Quote every line below exactly and skip any picture.

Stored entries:
#####

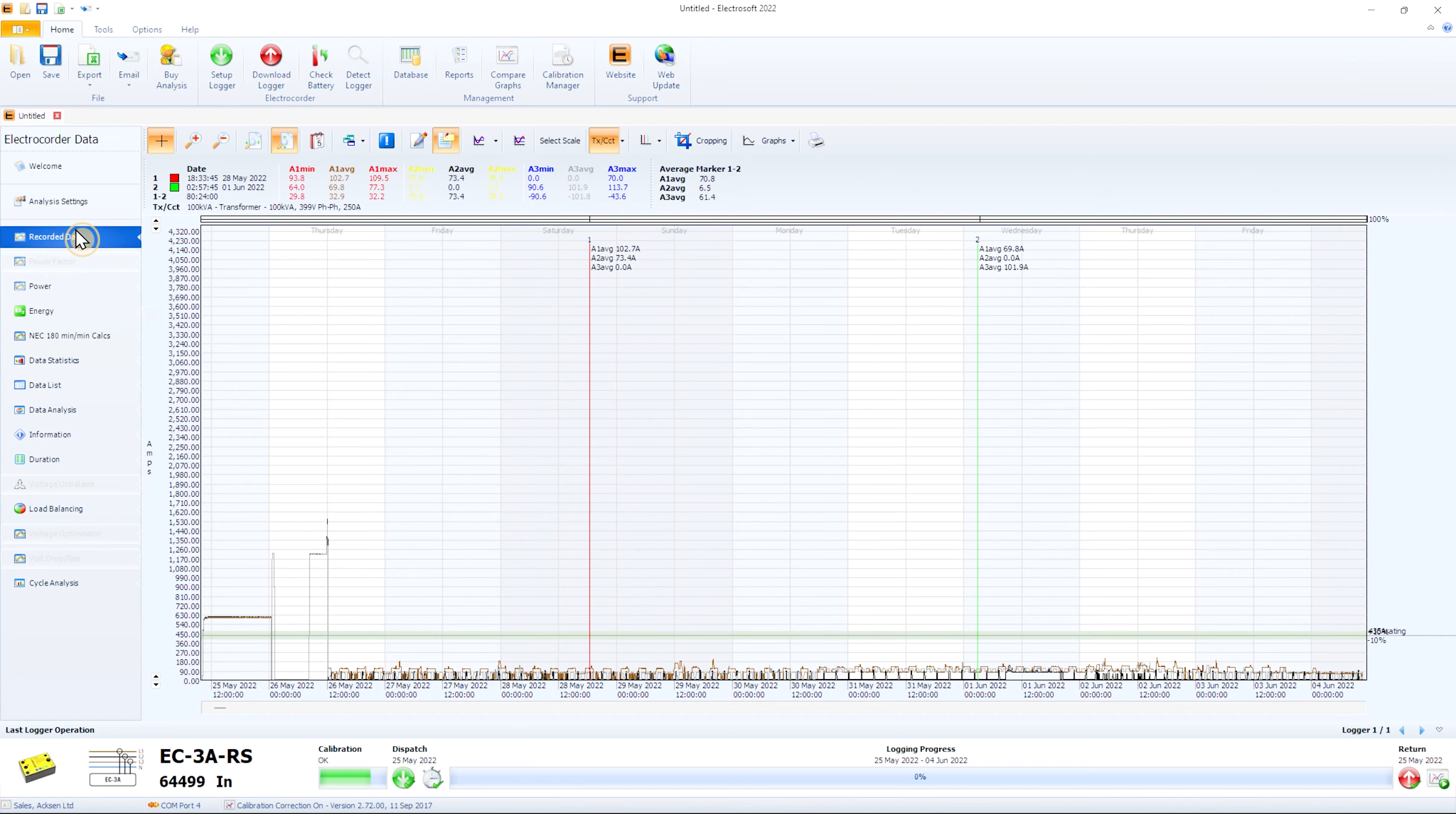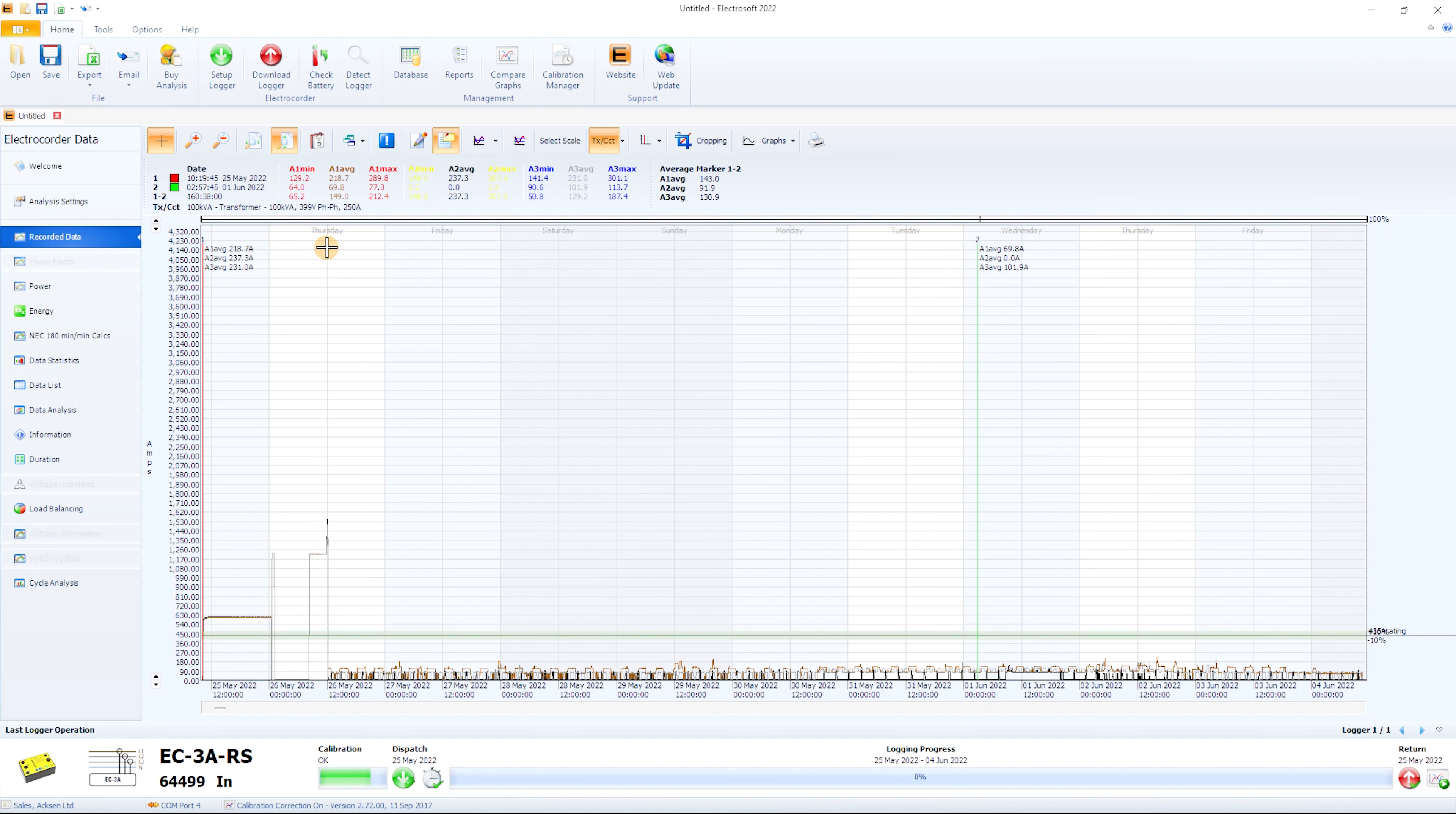Viewing our recorded currents, we can see that there are two different jobs visible on screen, where the present recording session had not yet overwritten the previous. We can use Cropping to focus on the new set of data on the left.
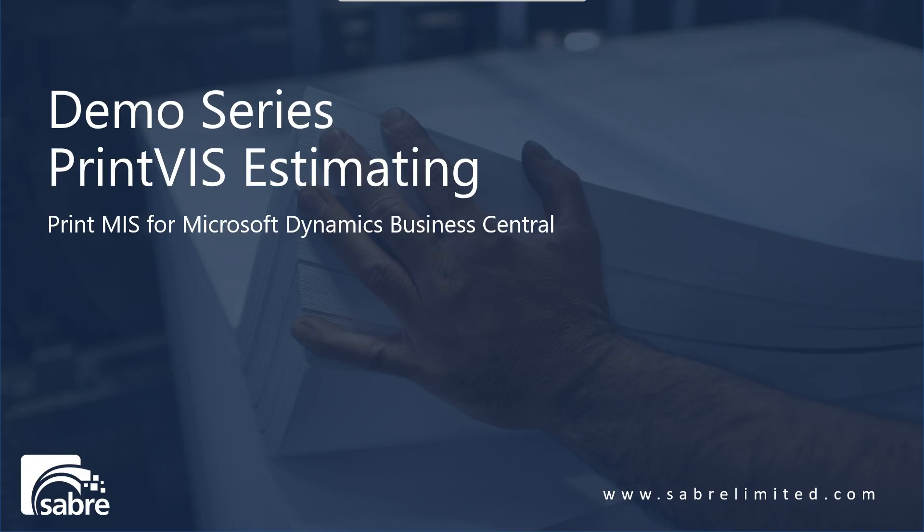Hello and welcome to the Sabre Limited demo series. Today we're going to be covering PrintVis Estimating, which is the PrintVis MIS for Microsoft Dynamics 365 Business Central.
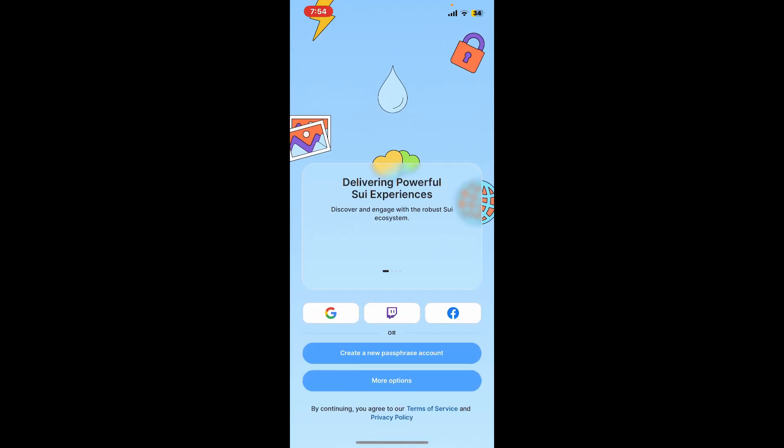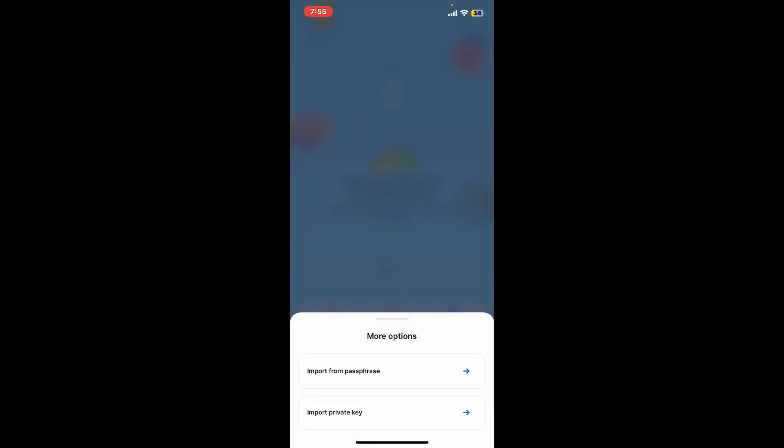Soon after you do that, from the first interface click on more options. Now you have two options - you can log in or import your wallet. You can tap on import from passphrase if you want to log in using passphrases. If you want to import through private key, tap on the second option.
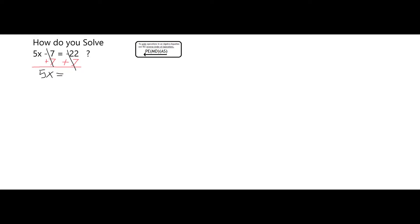On the left, that cancels and leaves me with 5x. On the right, negative 22 plus 7 is equal to negative 15.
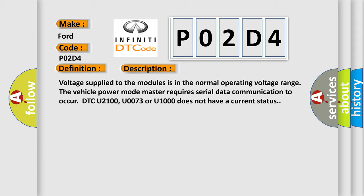The vehicle power mode master requires serial data communication to occur. DTC U2100, U0073, or U1000 does not have a current status.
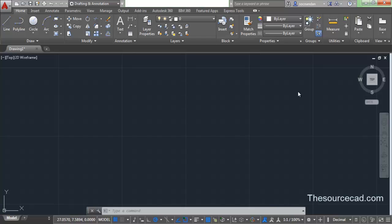Hello all, welcome to this tutorial. In this tutorial I will tell you about multiline text. Multiline text are generally large pieces of text which are inserted in AutoCAD. For example, if you want to insert a paragraph, a bill of material, or a very large piece of information like copyright information or some information about the drawing, then you should use multiline text.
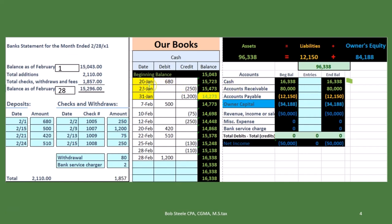If we go over here we can take a look at the general ledger. We have the GL by date, starting at January 20th and going down to the end of the month, the end of February.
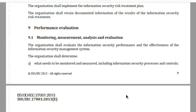Clause number 9.1 is one aspect of performance evaluation of the information security management system. Through 9.1 we are talking about monitoring, measurement, analysis and evaluation to be able to assess the effectiveness of the ISMS and the overall performance of information security. The standard mandates that one will need to put together monitoring and measurement of information security processes and controls.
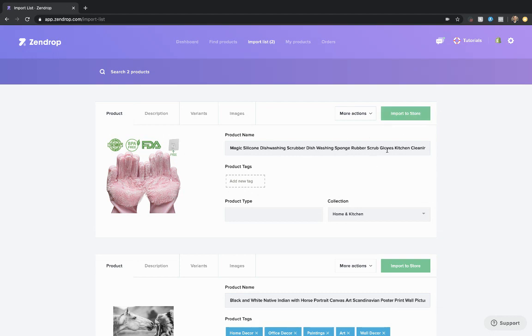So you can make the adjustments before or after you add it to your store, completely up to you. That's how you add a product.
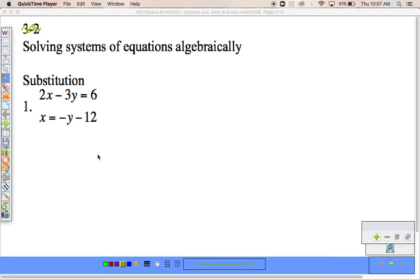Our next concept today is going to be talking about systems of equations. This unit we're going to be doing now is three different concepts that really don't relate, but they're just things that have to be covered, so I'm going to put them all into one before we move on. Solving systems of equations — I'm going to ask you to solve them two different methods. You're going to have to use substitution and elimination. I expect to see work.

#####

— The completed task —
Viewing our recorded currents, we can see that there are two different jobs visible on screen, where the present recording session had not yet overwritten the previous. We can use Cropping to focus on the new set of data on the left.
Hello and welcome to the Sabre Limited demo series. Today we're going to be covering PrintVis Estimating, which is the PrintVis MIS for Microsoft Dynamics 365 Business Central.
Soon after you do that, from the first interface click on more options. Now you have two options - you can log in or import your wallet. You can tap on import from passphrase if you want to log in using passphrases. If you want to import through private key, tap on the second option.
On the left, that cancels and leaves me with 5x. On the right, negative 22 plus 7 is equal to negative 15.
The vehicle power mode master requires serial data communication to occur. DTC U2100, U0073, or U1000 does not have a current status.
Hello all, welcome to this tutorial. In this tutorial I will tell you about multiline text. Multiline text are generally large pieces of text which are inserted in AutoCAD. For example, if you want to insert a paragraph, a bill of material, or a very large piece of information like copyright information or some information about the drawing, then you should use multiline text.
If we go over here we can take a look at the general ledger. We have the GL by date, starting at January 20th and going down to the end of the month, the end of February.
Clause number 9.1 is one aspect of performance evaluation of the information security management system. Through 9.1 we are talking about monitoring, measurement, analysis and evaluation to be able to assess the effectiveness of the ISMS and the overall performance of information security. The standard mandates that one will need to put together monitoring and measurement of information security processes and controls.
So you can make the adjustments before or after you add it to your store, completely up to you. That's how you add a product.
Our next concept today is going to be talking about systems of equations. This unit we're going to be doing now is three different concepts that really don't relate, but they're just things that have to be covered, so I'm going to put them all into one before we move on. Solving systems of equations — I'm going to ask you to solve them two different methods. You're going to have to use substitution and elimination. I expect to see work.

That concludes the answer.